O Tribunal de Contas da União (TCU), em parceria com os Tribunais de Contas Estaduais (TCEs), discutem a responsabilidade de fazer a consolidação de dados diários da covid-19. Já parlamentares da oposição e procuradores do Ministério Público Federal devem apresentar ações na Justiça contra o atraso na divulgação de dados.
A possibilidade de assumir a divulgação já foi discutida pelo ministro do TCU Bruno Dantas e pelo presidente da Associação dos Membros dos Tribunais de Contas do Brasil (Atricon), Fábio Nogueira.
A ideia é que os tribunais estaduais contatem Secretarias de Saúde estaduais, de modo a recolher as informações sobre a evolução da doença até as 18 horas de cada dia. A partir daí, esses dados seriam enviados ao TCU para consolidação e posterior divulgação das informações.
"O Estado tem obrigação com a sociedade de prestar informações verdadeiras em tempo hábil para que medidas e decisões sanitárias sejam tomadas, levando em consideração o quadro real do País", disse Bruno Dantas. "Os tribunais dos Estados podem fazer essas solicitações às secretarias estaduais. É uma ação cooperativa. O ideal era que o governo superasse os problemas que têm, já que a publicidade das informações é um dos cinco princípios da Constituição. Se o ministério divulgasse diariamente como vinha fazendo, não seria preciso. Mas, no momento em que as estatísticas desaparecem, as pessoas têm de ter acesso às informações."

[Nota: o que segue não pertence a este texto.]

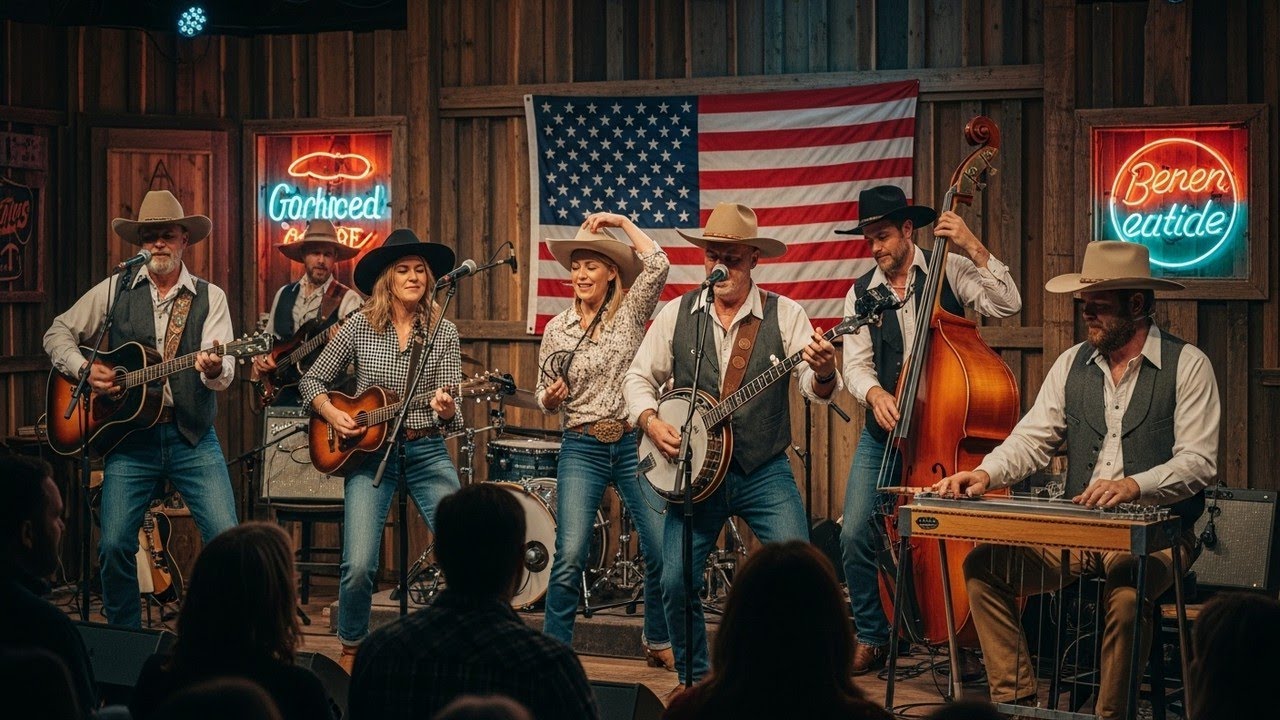 Classic Country Nights – Easy Listening Country for Relaxed Country Mood with Classic Country Feel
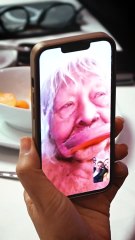 Macron - En ligne avec le Cacique Raoni avant d’arriver à Belém..(06.11.25)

Fábio Nogueira, presidente da Atricon, disse que não se trata de assumir o papel que é do governo, mas de garantir a prestação de um serviço fundamental à sociedade. "Estamos analisando como isso pode ser feito. Os TCEs estão à disposição para colaborar ."

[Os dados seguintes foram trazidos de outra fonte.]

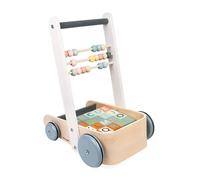 Janod Sweet Cocoon Cart With Abc Blocks Multicolore 12 Months-4 Years Enfants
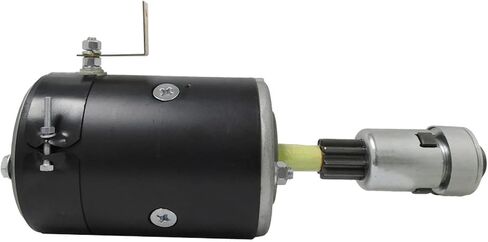 OEG Parts New Starter Compatible With Ford Tractor FARM 2N 8N 9N 1939-1952 W/Drive No Mounting Ears 6V 8N11001, 8N11002, 9N11001, 9N11002, IMI120, 41014088, SFD0145 in Saudi Arabia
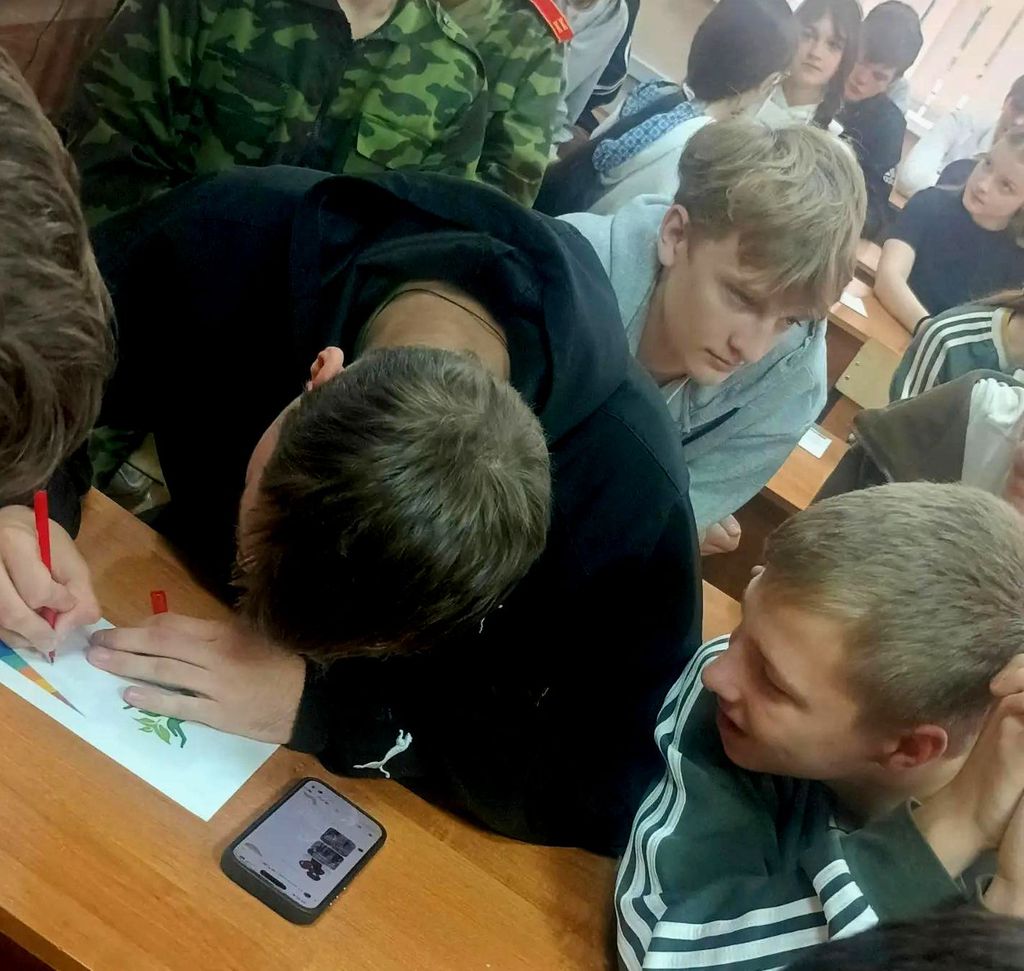 «Профессионалитет: ты в хорошей компании!» — всероссийский классный час Фото 7 «Профессионалитет: ты в хорошей компании!» — всероссийский классный час Фото 7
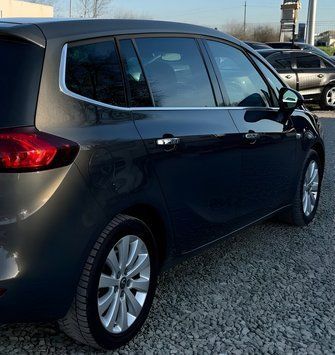Opel Zafira B 2005-2011 Накладки на ручки (4 шт) OmsaLine - Італійська нержавійка 5202043/7 фото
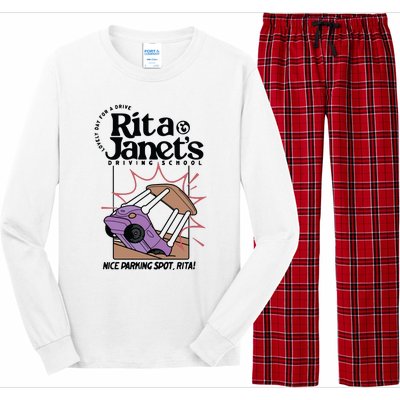 Rita & Janets Driving School Long Sleeve Pajama Set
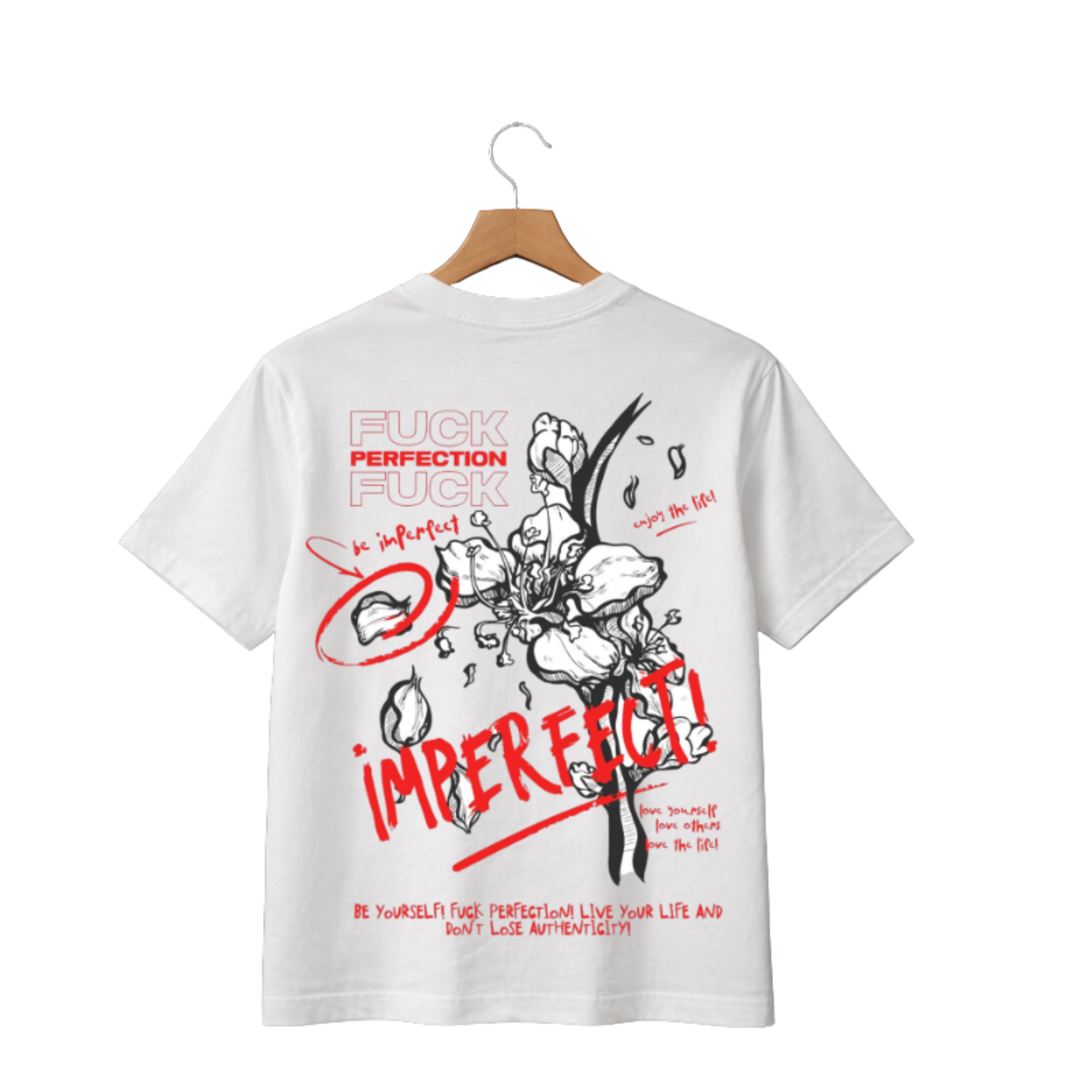 Imperfect Graphic T-shirt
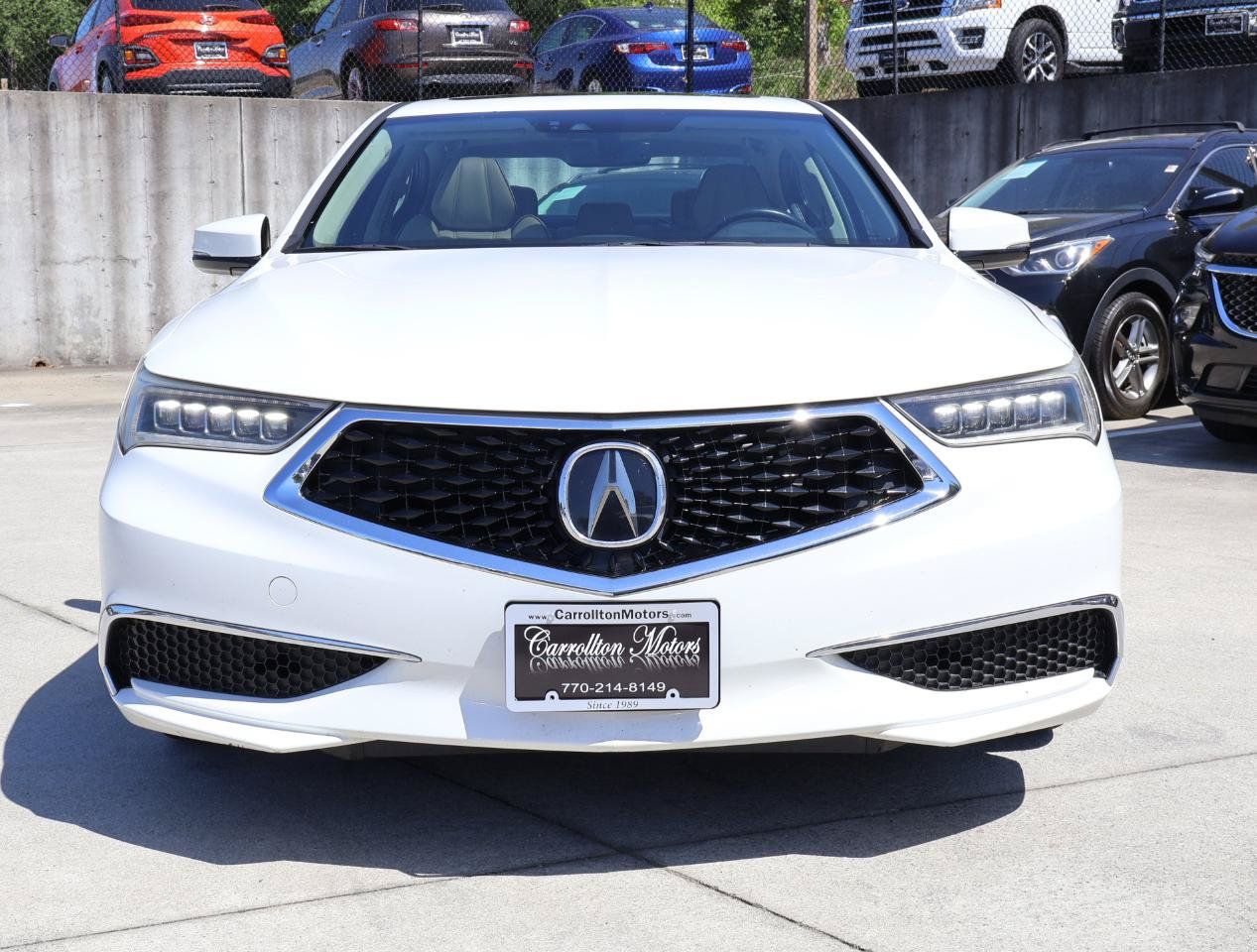 Used 2018 Acura TLX w/ Technology Package FWD image 10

No Congresso, partidos devem apresentar ações contra o governo no Supremo Tribunal Federal.
Para driblar o atraso na divulgação de dados da doença pela União, o líder da oposição na Câmara dos Deputados, deputado André Figueiredo (PDT-CE), também afirmou que apresentará na segunda-feira projeto de lei para determinar que os números de infectados e mortos pela covid-19 sejam repassados pelas secretarias estaduais à Câmara dos Deputados ao mesmo tempo em que são dados ao governo.